Social media can be a tempting resource for licensees who seek immediate gratification for questions or problem-solving. Reliance upon Facebook groups is growing. Not so long ago, posting anything online even remotely related to a transaction was taboo, and with good reason. Public discussion of any details (past or present) was considered a violation of fiduciary duties -- even when names and addresses were never mentioned, as an agent's identity alone could provide context clues sufficient to inappropriately link back to transaction information.
Social media has opened up a can of worms in that respect. Closed online groups allow for industry pillow talk behind the veiled curtains of protective settings. The daily stream of "questions and answers" posted online is justified and categorized under a label of "collective learning" for the audience in each forum.
One of the most dangerous trends in online information exchange is the trust that licensees put into these groups, and the often inadvertently bad and wrong answers received from group members. Armchair quarterbacks tend to be quick to give answers without fully reading questions, and without prerequisite knowledge to answer.
Why Don't Agents Go To Their Brokers / Brokerage for Answers?
There are several common reasons why licensees turn to Facebook instead of seeking guidance from their brokers/brokerages. These generally include accessibility, the immediacy of response, avoidance of scrutiny or anticipated criticism, as well as emotional needs (trust for the online community, their desire for attention and interaction, or a wish to glean multiple perspectives).
Agents naively underestimate the harm that can come from subscribing to the information in online groups.
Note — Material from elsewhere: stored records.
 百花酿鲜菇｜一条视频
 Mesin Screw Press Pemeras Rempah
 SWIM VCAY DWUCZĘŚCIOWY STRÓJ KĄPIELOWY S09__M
Believing and acting upon inappropriate answers caused by lack of context, lack of expertise, and lack of state-specific knowledge (among other things) can lead to issues of malpractice and liability for agents and their sponsoring brokers.
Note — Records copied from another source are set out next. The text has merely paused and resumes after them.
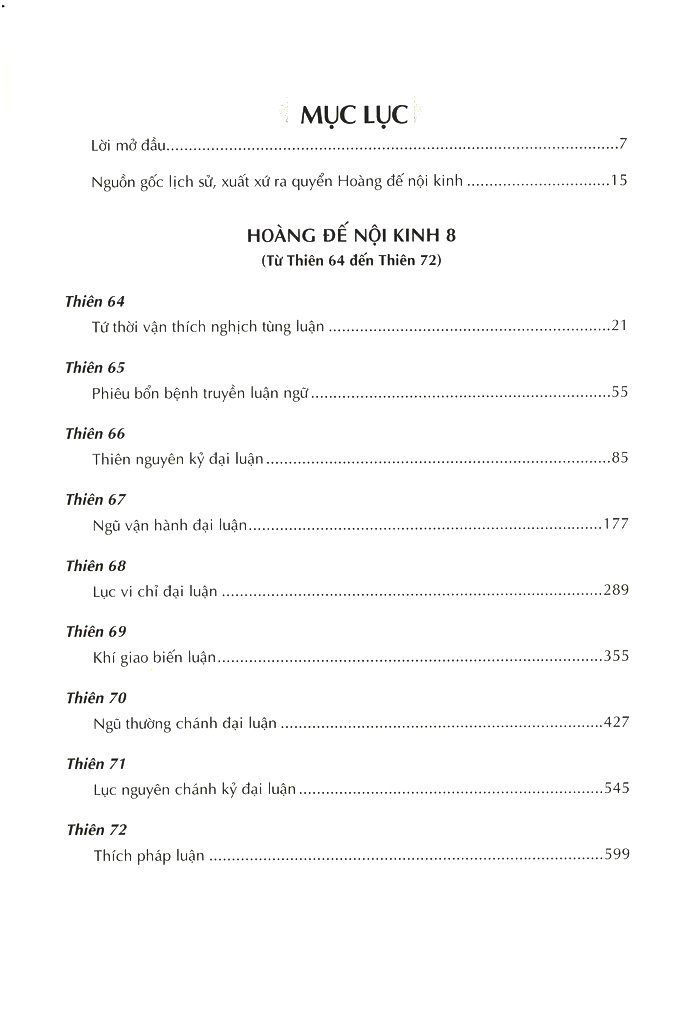 bộ hoàng đế nội kinh quyển 8 và 9 - Ảnh 6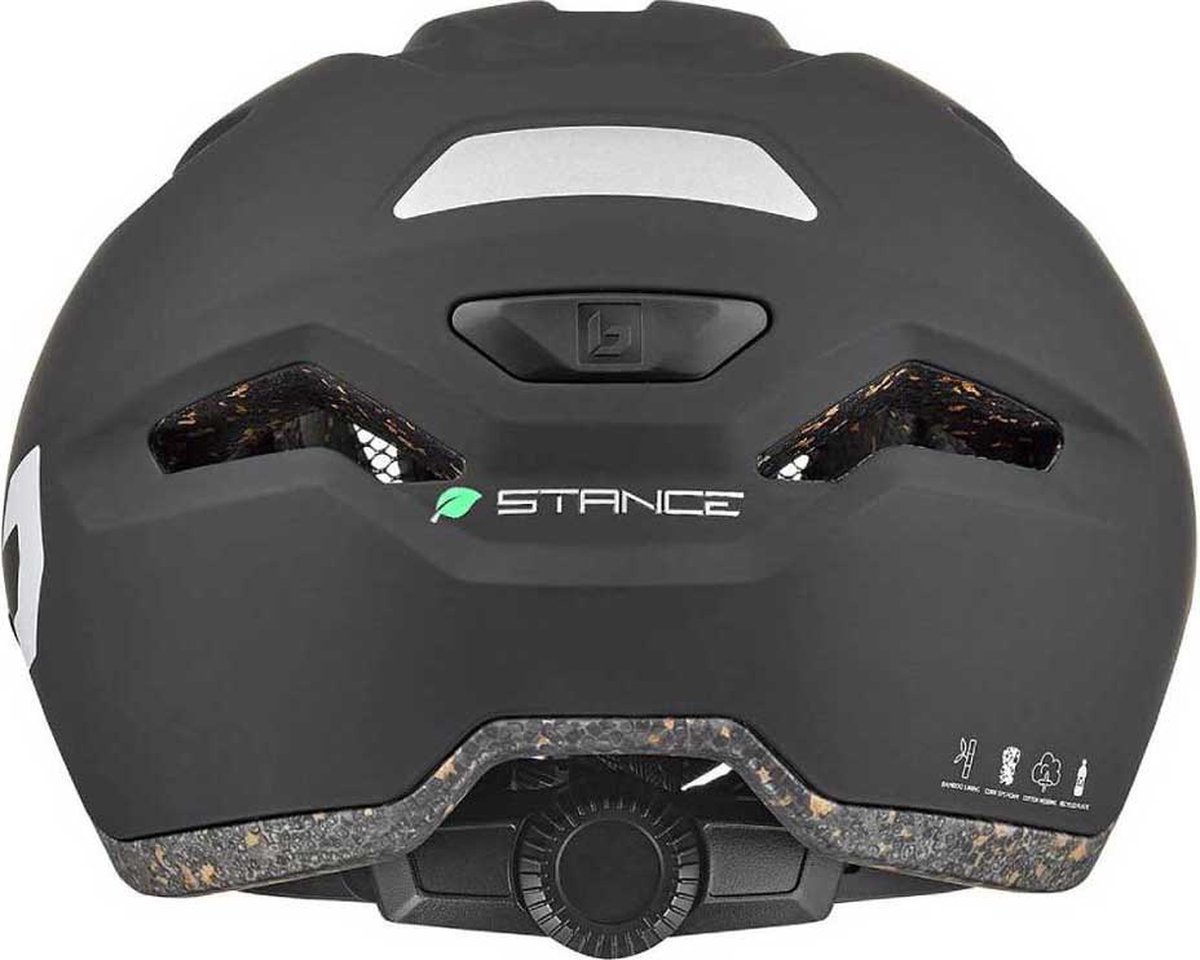 Bolle Eco Stance Helm Zwart S
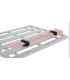 Soportes de baca de techo de Rhino Rack para gato Hi lift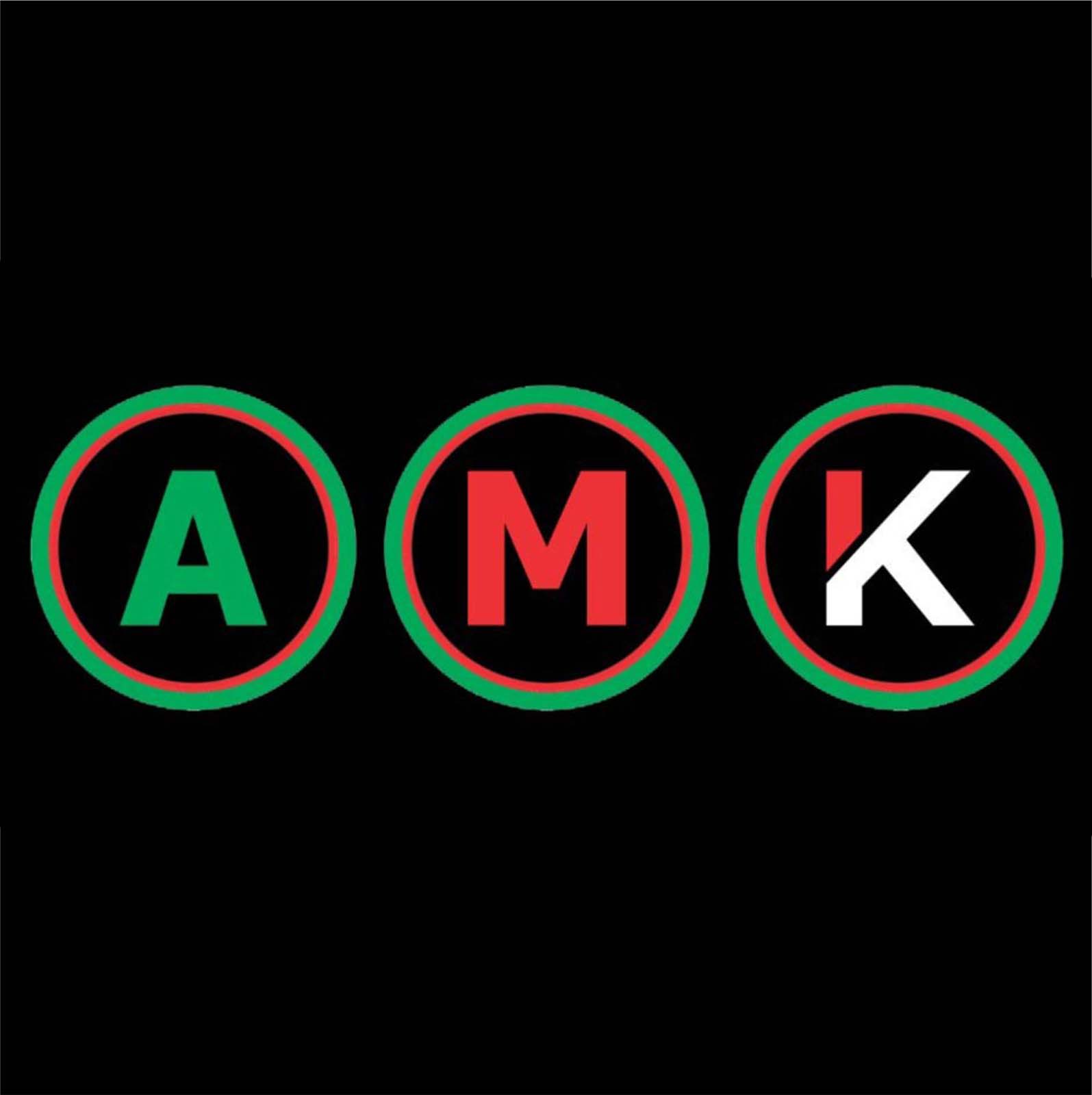 AMK - Nech mě bejt(OFF. VIDEO) - YouTube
Agents Posting Questions - What did your broker have to say about your question? Did you try your broker first? Does your broker know you are seeking "help" from social media groups instead of coming to them? Does your broker have a policy in place prohibiting that? Did you discuss the answers you received with your broker before acting on the "advice"? If you cannot reach your broker (absentee) or get help from your brokerage, why are you still with that firm?
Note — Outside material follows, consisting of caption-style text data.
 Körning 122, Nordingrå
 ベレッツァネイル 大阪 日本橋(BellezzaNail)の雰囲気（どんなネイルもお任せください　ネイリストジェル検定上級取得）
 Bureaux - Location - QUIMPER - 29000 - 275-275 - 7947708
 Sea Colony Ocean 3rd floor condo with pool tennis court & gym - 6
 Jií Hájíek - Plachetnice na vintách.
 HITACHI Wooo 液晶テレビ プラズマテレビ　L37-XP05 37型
Agents Answering Questions - What qualifies you to answer the posted question? Are you sure your answer is true, accurate, correct, compliant, and relevant to the question that was asked? Are you giving legal advice (always a no-no)? Are you inappropriately advising another broker's sponsored agent instead of referring that agent back to his or her broker?
Moderators / Group Owners - Is the scope of the group set to limit inappropriate levels of participation, as well as to uphold standards of practice and the code of ethics? Do you monitor for and correct (or remove) misinformation? Do you close discussions and point agents back to their brokers when questions necessitate redirection?
Brokers - Do you have an updated policy and procedure manual that addresses your agents' social media participation, particularly with transaction-related questions? Are you aware that your agents are participating in such forums? Do you know how their questions reflect on you and your firm? Are you fully cognizant of the liability you could incur from agents who seek education and answers outside of your direction? Do you care?
Friends and Colleagues, guard your practice and guard your minds. Seek out answers first from your broker/brokerage. That is their role, their responsibility, and their purpose. Texas REALTORS® may also reach out to the Texas Association’s Legal Hotline at 512-480-8200 for trustworthy information about real estate transactions. Other states may have similar resources.
Try to think about this in the context of parenting... parents want their children to come to them first for answers to their questions. Likewise, nobody has the best interests of clients and sponsored agents at heart more than the broker of record. The absence of advice can be far better than wrong advice... So even if it means having the patience to pursue the path your broker has set up to facilitate questions, the best advice is to follow that path ahead of all others.